Our decision to move to France was fueled by wanting our then three-year-old daughter to grow up bilingual, as my husband had, and partly by some words left in the guestbook at the Hotel Cardinal in downtown Aix-en-Provence, “Une nuit, une femme, chambre 11, le bonheur…” I knew enough French to get the romance in that elegant script, and shoved the page into my husband’s face. “We have to move here,” he said in agreement. We were in Aix, on holiday, for a week, and my husband managed to get an interview with a local French company that needed a bilingual Web engineer with Silicon Valley experience. Two days later he was offered the position, and in the rest of our photographs from that trip we look dazed and confused, or at worst moments, as if we had been punched in the gut. “Be careful what you dream for,” my mother said, laughing. That was late November, and by mid-February, two weeks after our daughter’s fourth birthday, we were living in Aix.
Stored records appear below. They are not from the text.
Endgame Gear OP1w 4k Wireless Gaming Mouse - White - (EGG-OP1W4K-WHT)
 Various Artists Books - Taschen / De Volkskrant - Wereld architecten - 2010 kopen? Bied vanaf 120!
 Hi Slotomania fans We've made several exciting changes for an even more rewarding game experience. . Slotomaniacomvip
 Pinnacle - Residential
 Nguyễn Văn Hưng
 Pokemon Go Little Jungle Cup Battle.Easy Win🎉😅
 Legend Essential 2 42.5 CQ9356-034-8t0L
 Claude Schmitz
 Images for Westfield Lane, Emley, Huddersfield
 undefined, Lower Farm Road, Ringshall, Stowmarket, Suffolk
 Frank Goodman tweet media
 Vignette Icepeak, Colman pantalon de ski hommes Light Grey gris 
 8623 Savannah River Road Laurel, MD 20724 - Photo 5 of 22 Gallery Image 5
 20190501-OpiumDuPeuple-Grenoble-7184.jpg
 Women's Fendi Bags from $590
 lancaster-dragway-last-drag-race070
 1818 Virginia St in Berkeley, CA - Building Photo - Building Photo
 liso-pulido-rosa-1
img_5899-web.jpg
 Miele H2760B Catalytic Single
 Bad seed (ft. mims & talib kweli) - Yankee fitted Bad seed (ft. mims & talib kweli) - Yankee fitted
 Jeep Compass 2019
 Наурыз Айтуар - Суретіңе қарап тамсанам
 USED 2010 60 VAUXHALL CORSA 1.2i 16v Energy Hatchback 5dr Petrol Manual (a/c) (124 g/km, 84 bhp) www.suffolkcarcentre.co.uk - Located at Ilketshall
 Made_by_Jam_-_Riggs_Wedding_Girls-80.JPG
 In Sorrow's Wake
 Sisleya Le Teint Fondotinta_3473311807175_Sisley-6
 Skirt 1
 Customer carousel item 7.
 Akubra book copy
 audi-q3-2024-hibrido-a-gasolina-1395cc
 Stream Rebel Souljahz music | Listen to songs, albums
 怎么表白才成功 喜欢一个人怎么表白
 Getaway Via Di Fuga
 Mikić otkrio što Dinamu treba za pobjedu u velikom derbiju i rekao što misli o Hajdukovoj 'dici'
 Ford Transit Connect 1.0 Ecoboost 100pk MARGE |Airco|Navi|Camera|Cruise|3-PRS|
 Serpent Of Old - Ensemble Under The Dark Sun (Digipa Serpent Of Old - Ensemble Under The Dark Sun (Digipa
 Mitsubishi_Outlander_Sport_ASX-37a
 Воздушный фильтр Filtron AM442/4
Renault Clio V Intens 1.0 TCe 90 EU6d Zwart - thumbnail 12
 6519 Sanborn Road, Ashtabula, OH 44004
Aix in 1997 was a sleepy provincial town. You could park your car on the Cours Mirabeau, which at that time still had some mom-and-pop shops. Nowadays, only international chain stores can afford the rent of one of France’s most beloved main streets, and the obligatory underground parking garages can be full by noon. Peter Mayle’s “A Year in Provence” was only eight years old (I devoured it on the plane moving here), and Occitane didn’t yet have a shop on the rue Espariat, nor in airports around the world and in downtown Dubai and Tokyo and Helsinki.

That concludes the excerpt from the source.